Example of \(f_w\) : “2 hidden layer GCN”
-
compute class probabilities as…
\(f_{w}(X, A)=\operatorname{Softmax}\left(\hat{A} \operatorname{ReLu}\left(\hat{A} X W_{1}\right) W_{2}\right)\).
-
\(w=\left(W_{1}, W_{2}\right)\) : parameters of GCN
-
\(\hat{A}\) : normalized adjacency matrix
( = \(\tilde{D}^{-1 / 2}(A+I) \tilde{D}^{-1 / 2}\) , where \(\tilde{D}_{i i}=1+\sum_{j} A_{i j} .\) )
-
(3) Bilevel Programming in ML
Optimization problems, constrained with another optimization problem
\(\min _{\theta, w_{\theta}} F\left(w_{\theta}, \theta\right)\) such that \(w_{\theta} \in \arg \min _{w} L(w, \theta)\).
2 objective functions
- \(F\) : outer objective
- \(L\) : inner objective
3. Learning Discrete Graph Structures
setting : challenging scenarios…where
- graph structures is “missing” / “incomplete” / “noisy”
- variables
- inner variables = parameters of GCN
- outer variables = parameters of generative probabilistic model for graphs
(1) Jointly Learning the Structure & Parameters
assume a known target \(V_{val}\) ( validation dataset )

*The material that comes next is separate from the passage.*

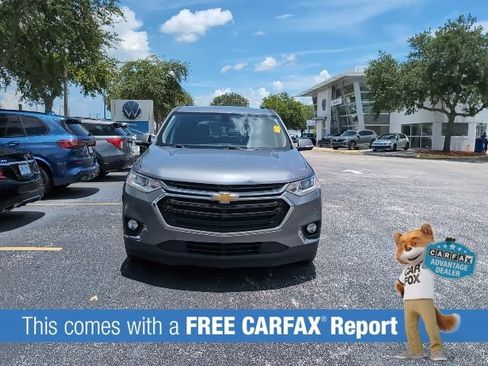 Used 2019 Chevrolet Traverse LT FWD image 2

\(\rightarrow\) can estimate “generalization error”
[ OUTER = parameter of graph structure ]
Find \(A \in \mathcal{H}_{N}\), which minimizes the function
- \(F\left(w_{A}, A\right)=\sum_{v \in V_{\mathrm{val}}} \ell\left(f_{w_{A}}(X, A)_{v}, y_{v}\right)\).
- since discrete….
- propose to model each edge with “Bernoulli r.v”
[ INNER = parameters of GCN ]
- \(L(w, A)=\sum_{v \in V_{\text {Train }}} \ell\left(f_{w}(X, A)_{v}, y_{v}\right)+\Omega(w)\).
Reformulation
\[\begin{gathered} \min _{\theta \in \overline{\mathcal{H}}_{N}} \mathbb{E}_{A \sim \operatorname{Ber}(\theta)}\left[F\left(w_{\theta}, A\right)\right] \\ \text { such that } w_{\theta}=\arg \min _{w} \mathbb{E}_{A \sim \operatorname{Ber}(\theta)}[L(w, A)] \end{gathered}\]Expected output of GCN
-
(original)
\(f_{w}^{\exp }(X)=\mathbb{E}_{A}\left[f_{w}(X, A)\right]=\sum_{A \in \mathcal{H}_{N}} P_{\theta}(A) f_{w}(X, A)\).
-
(empirical estimate)
\(\hat{f}_{w}(X)=\frac{1}{S} \sum_{i=1}^{S} f_{w}\left(X, A_{i}\right),\).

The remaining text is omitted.